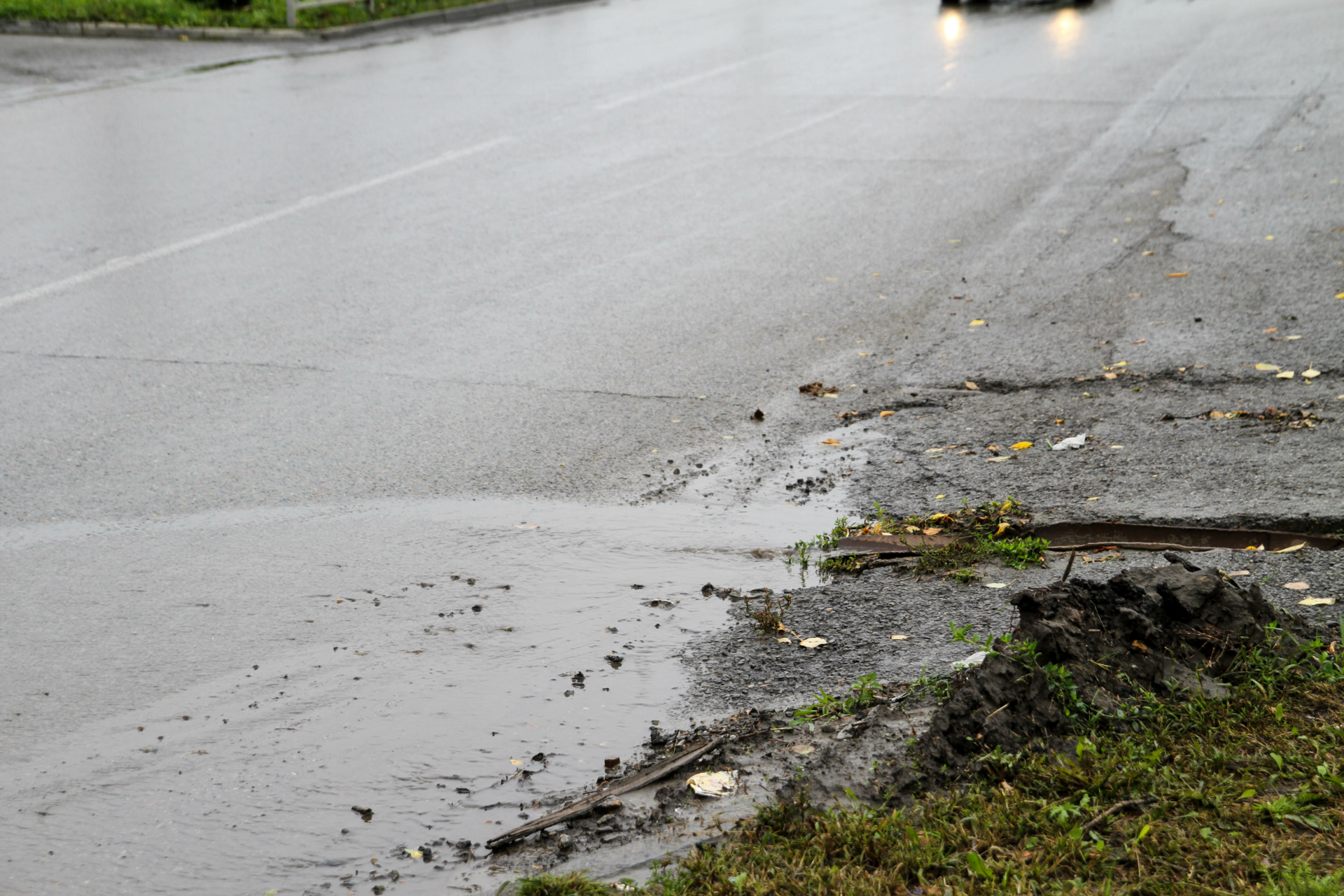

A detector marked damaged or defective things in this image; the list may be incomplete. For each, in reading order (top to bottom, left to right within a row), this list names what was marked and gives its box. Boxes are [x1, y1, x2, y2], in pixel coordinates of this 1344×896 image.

broken asphalt edge [0, 0, 599, 42]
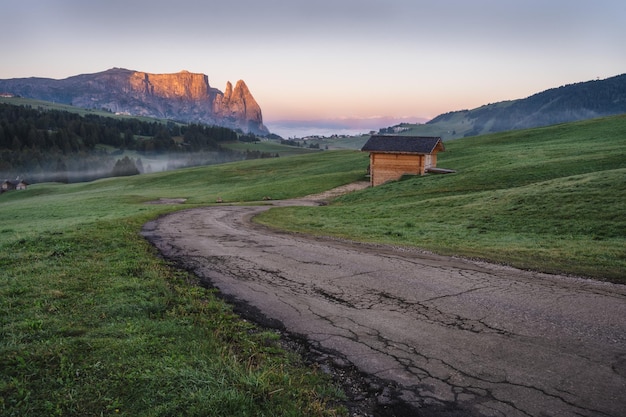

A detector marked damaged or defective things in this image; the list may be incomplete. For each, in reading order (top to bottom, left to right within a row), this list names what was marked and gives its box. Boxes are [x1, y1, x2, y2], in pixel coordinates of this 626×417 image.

cracked asphalt surface [141, 200, 624, 414]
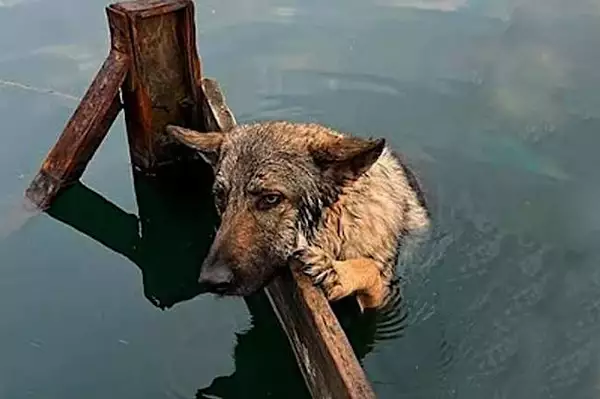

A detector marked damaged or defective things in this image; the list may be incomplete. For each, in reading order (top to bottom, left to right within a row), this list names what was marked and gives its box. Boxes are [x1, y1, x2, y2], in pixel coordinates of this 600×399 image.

splintered wood edge [200, 76, 376, 399]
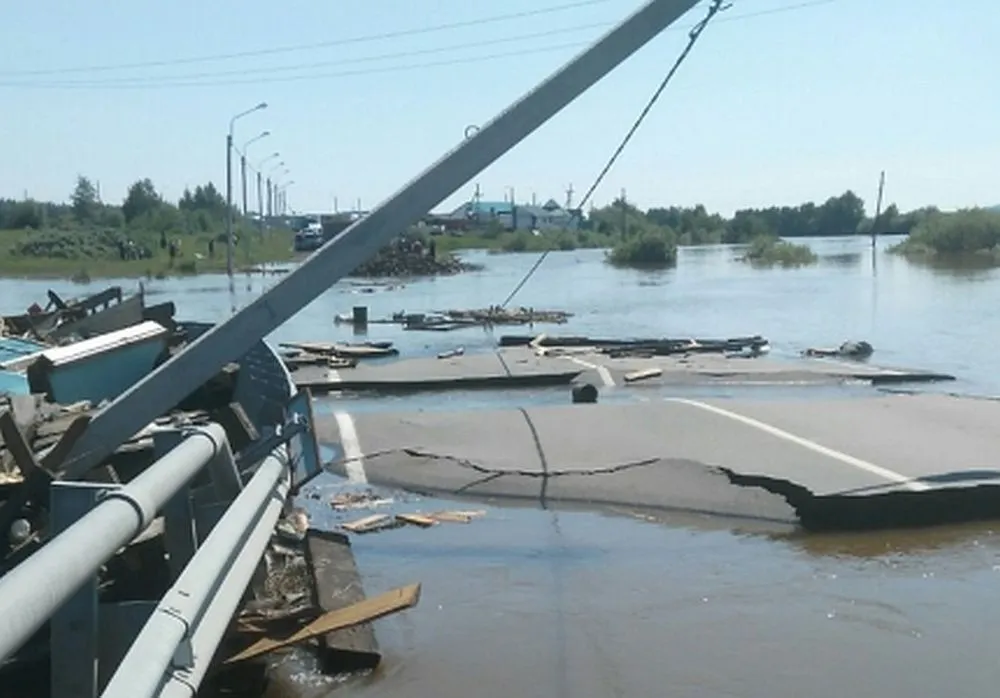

ACTIVITY
Each line from the one containing "this 626×417 image." through the last line of the listing is to be given again exactly, with no pictures and no other lines.

RESPONSE TO THE EXERCISE
A detector marked damaged or defective things in this image; the list may be incomplete. For each, in reading order (top to bottom, left to right within a row), this list names what was marked and gives its box. Boxes are [x1, y1, x2, y2], in pixel coordinates of this 626×417 image.

cracked asphalt surface [141, 200, 624, 414]

A detector marked damaged or defective things in this image; the list may be incomplete. For each, in reading order (top to bottom, left to right within a row), this list names what was marked and gives its box. Boxes are [x1, y1, x2, y2], in pixel coordinates of this 600×399 image.

splintered wood edge [200, 76, 376, 399]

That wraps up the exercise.